Former vice principal and mother of one Ghazala Khan, 37, was fired after objecting to the Mohiuddin International College's rule that girls must wear veils in classes, a tribunal heard.
At a Manchester employment tribunal, Mrs Khan said a fellow teacher stopped speaking to her because she did not want to wear a niqab and that this was the same tutor who ordered all his female students to wear a veil in his lessons: "There were quite a few times I didn't agree with the way he would make children wear veils across their faces just so he could teach them. I said, 'nowhere in Islam does it say they must wear a veil to come to classes.' He said, 'you have no knowledge of anything and have no right to talk with somebody not related to you.”
This stringent attitude was traced back to the Principal of the Lancashire-based all girls College, Amjad Bashir. Khan said she felt religiously discriminated against on more than one occasion at a school whose masthead is 'inspiring the girls of today to become our leaders of the future.' Appointed to the post of Vice Principal in 2011 Khan claimed that she was branded an outsider and told to wait outside assemblies because “there were a few things she wouldn't understand”. She has said she felt patronised as a woman and that despite being a qualified and experienced teacher she was never respected as a “scholar.”
Events reached the boiling point after the private school, previously heralded as the 'Muslim Eton', came under scrutiny following a rigorous institutional inspection. Khan alleges that Bashir called a meeting in which he blamed her for everything and called her a “stupid outsider” before dismissing her from his staff.
This particular allegation was corroborated by a former student Fozia Yasin, 19, who had been expelled from the college: "Mrs Khan was called an outsider by Mr Bashir. I only heard it once. There was a group of girls, it wasn't just me. Mrs Khan was there.”
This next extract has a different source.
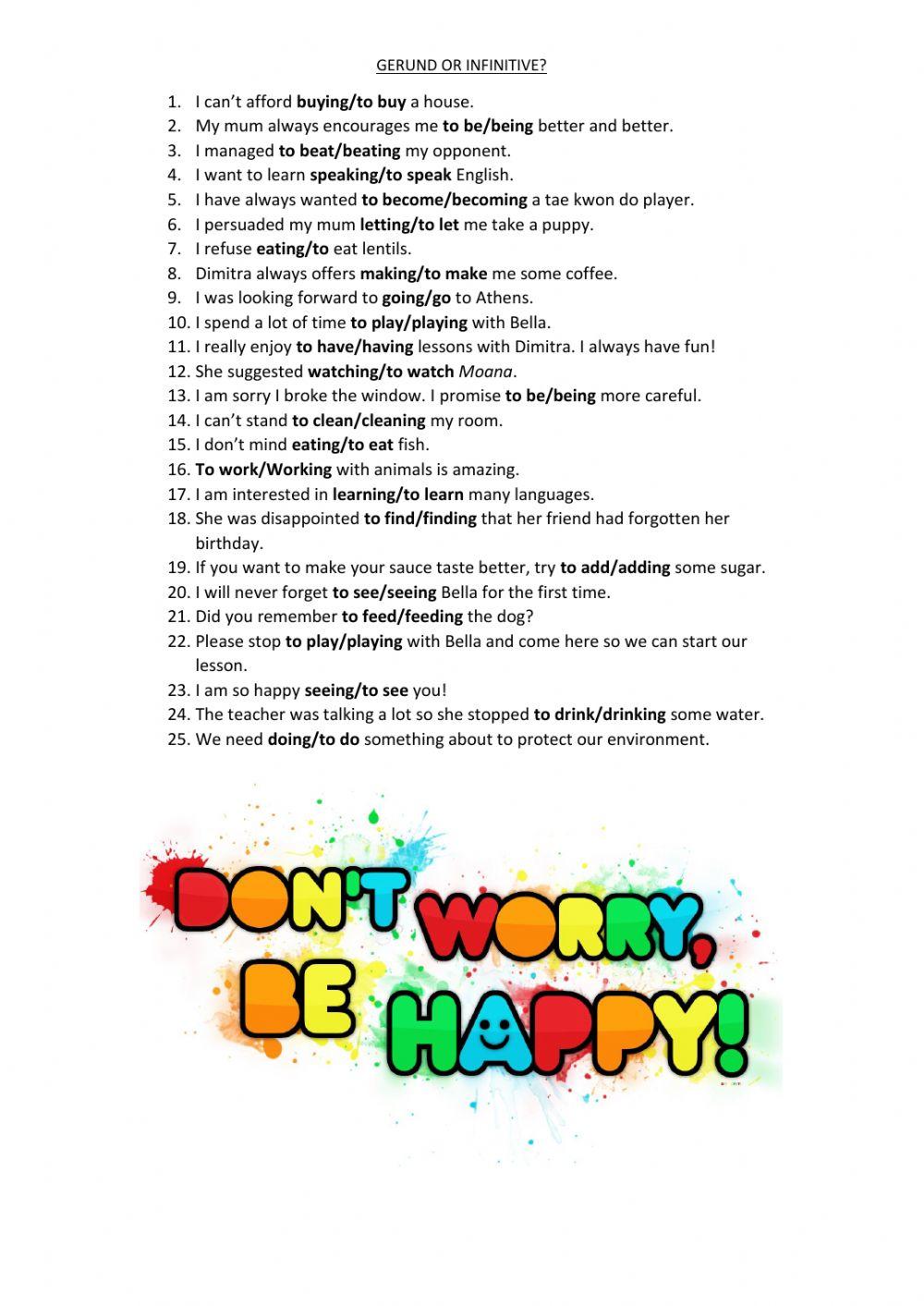 Gerund or Infinitive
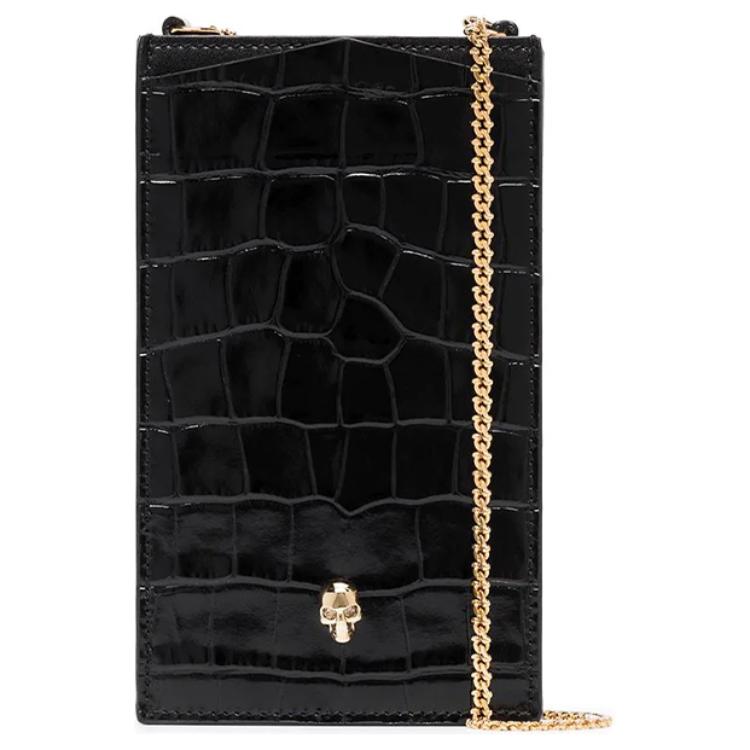 

Alexander McQueen Кожаный чехол для телефона женский черный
Bashir was reported to be in an agitated state and denied many of Mrs Khan's claims.
The school is run by the Birmingham-based Mohuiddin Trust and was established under the Sheikh Hazrat Pir Alaudin Siddiqui Sahib who is an Islamic scholar based in Pakistan. Mrs Khan has also stated that she did not agree with the locally circulated teaching that 'the Sheik, the founder of the college, is going to take them to heaven and everyone who does not believe in him is going to hell."